Dat is des te jammerder omdat de laatste vijftig jaar door anthropologen en vergelijkende literatuurwetenschappers zeer veel nieuw materiaal is gepubliceerd over orale epische tradities die tot dusver onbekend waren, met name uit West-Afrika - daarnaast is materiaal dat al eerder bekend was maar alleen in Oosteuropese talen was gepubliceerd toegankelijker gemaakt. We hebben dus veel meer om uit te putten dan Party destijds had, en dat is precies wat ik van plan ben te doen.
| |
Bovennatuurlijk
Ik begin met de Muzen. Het is een vrijwel
| |
| |
algemene karaktertrek van orale epische poëzie overal ter wereld dat de zangers aanspraak maken op een soort bovennatuurlijke status voor hun vaardigheden en hun liederen. Die pretenties kunnen zich op twee verschillende manieren uiten. In de eerste plaats in de vorm van een inwijdingsverhaal zoals dat van Hesiodus (waarvan er in de Griekse literatuur trouwens meer zijn): de goddelijke gave wordt voor eens en altijd aan een dichter gegeven door de een of andere bovennatuurlijke macht. Dit gebeurt vrij vaak in een droom. De achttiende-eeuwse Turkmeense dichter Mahtum-Kuli verkreeg zijn poëtische gave in een extatische droom van de profeet Mohammed, de vier kaliefs, en diverse andere Mohammedaanse heiligen. In hetzelfde gebied worden de Kirgiezische zangers van het Manas-epos in de droom bezocht door Manas, de held van de epische cyclus of door een van zijn vogelingen; ze krijgen een muziekinstrument en het bevel om hun daden te bezingen. Met variaties vindt men dit soort verhalen overal in Centraal-Azië, bij de Oezbeken, Kazakken, Oirat-Mongoliërs en Tibetanen. Maar ook in heel andere delen van de wereld treft men vergelijkbare dichterwijdingen aan, zoals bij de zangers van het Mwindo-epos in Zaïre en van de Ozidi-verhalen in Nigeria. Ook de zevende-eeuwse Angelsaksische bard Caedmon werd in een droom bezocht door een engel die hem inspireerde tot muziek en dichtkunst. Het verhaal van Hesiodus ligt helemaal in dezelfde lijn; al in de Oudheid werd aangenomen dat ook zijn ontmoeting met de Muzen op de Helicon in een droom plaatsvond, en er is ook een vergelijkbaar verhaal over Homerus: die zou in een droom van Helena het bevel hebben gekregen om de Griekse helden uit de Trojaanse oorlog te bezingen.
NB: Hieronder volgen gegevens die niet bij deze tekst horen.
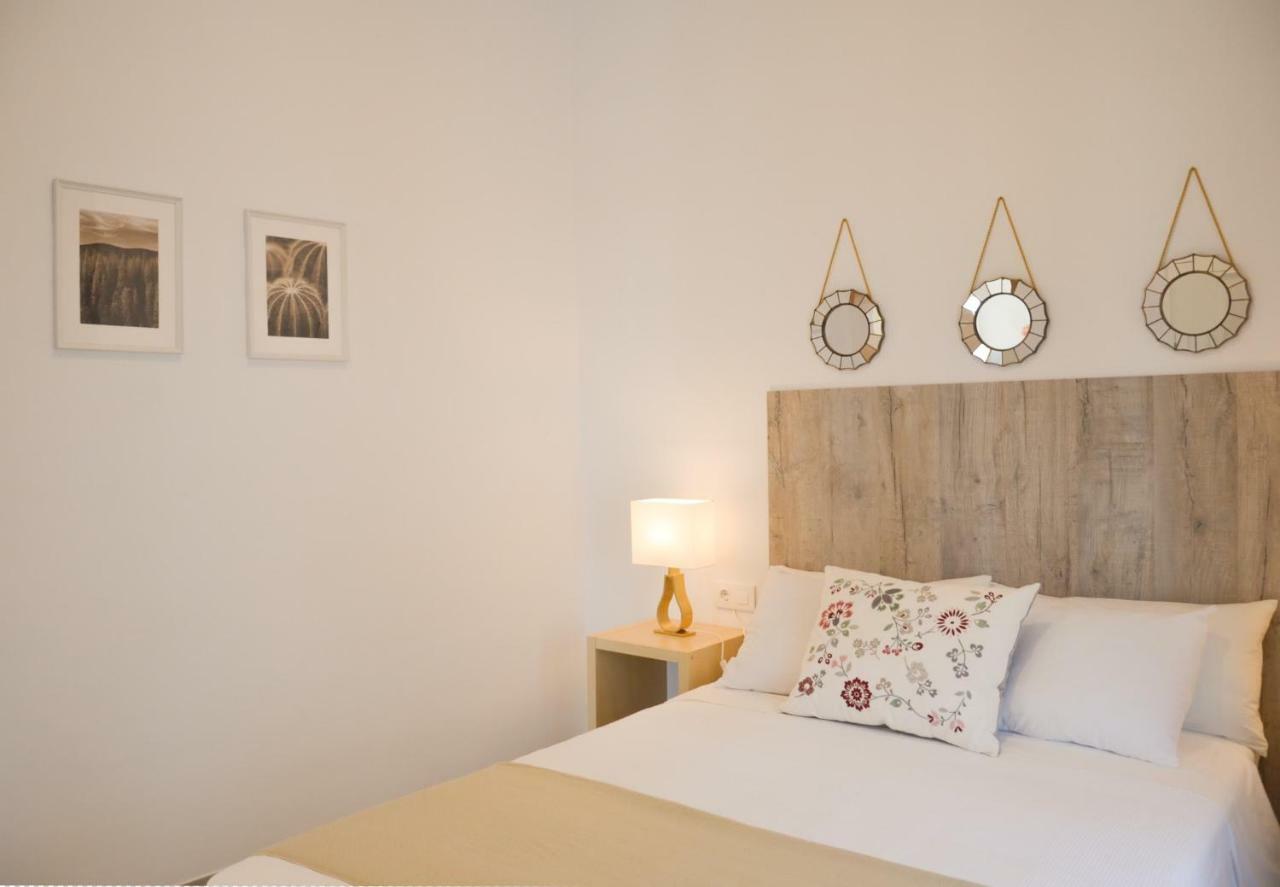 Apartamento Faustino Alvarez Siviglia Esterno foto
Maar los van deze verhalen bestaat er ook een veel verder gaande pretentie, namelijk dat het lied zelf door een bovennatuurlijke macht gezongen wordt - de zanger zelf dient dan als spreekbuis. Dit is zoals we zagen de Homerische opvatting. Ook hier kunnen dromen een rol spelen. Op de Fiji-eilanden worden de zogenaamde ‘ware liederen’ (epische liederen in tegenstelling tot andere genres) aan de zanger geleerd in de slaap of tijdens een trance door de voorouder die de held van het verhaal is. Als de zanger het verhaal voordraagt schakelt hij voortdurend om van de derde naar de eerste persoon enkelvoud - de eerste persoon is dan de betreffende voorouder, de hoofdrolspeler in het epische verhaal. Eenzelfde afwisseling van derde en eerste persoon komt voor in het Mwindo-epos, waar Mwindo hoogstpersoonlijk een deel van zijn heldendaden kan vertellen, en zelfs af en toe het gehoor toespreekt, inclusief de Europese anthropoloog die er met zijn taperecorder bijzit. De opvatting van de zanger als de spreekbuis van een bovennatuurlijke macht vinden we ook in Nigeria en in Centraal-Azië, waar de volgende verklaring van een Kirgiezische zanger onze extra aandacht verdient:
Toen ik een van de meest bekwame minstrelen vroeg (...) of hij het een of andere lied kon zingen, antwoordde hij: “Ik kan elk lied zingen, want God heeft de gave van het lied in mijn hart ingeplant. Hij geeft me het woord op mijn tong zonder dat ik ernaar hoef te zoeken. Geen van mijn liederen heb ik geleerd; alles komt voort uit mijzelf.”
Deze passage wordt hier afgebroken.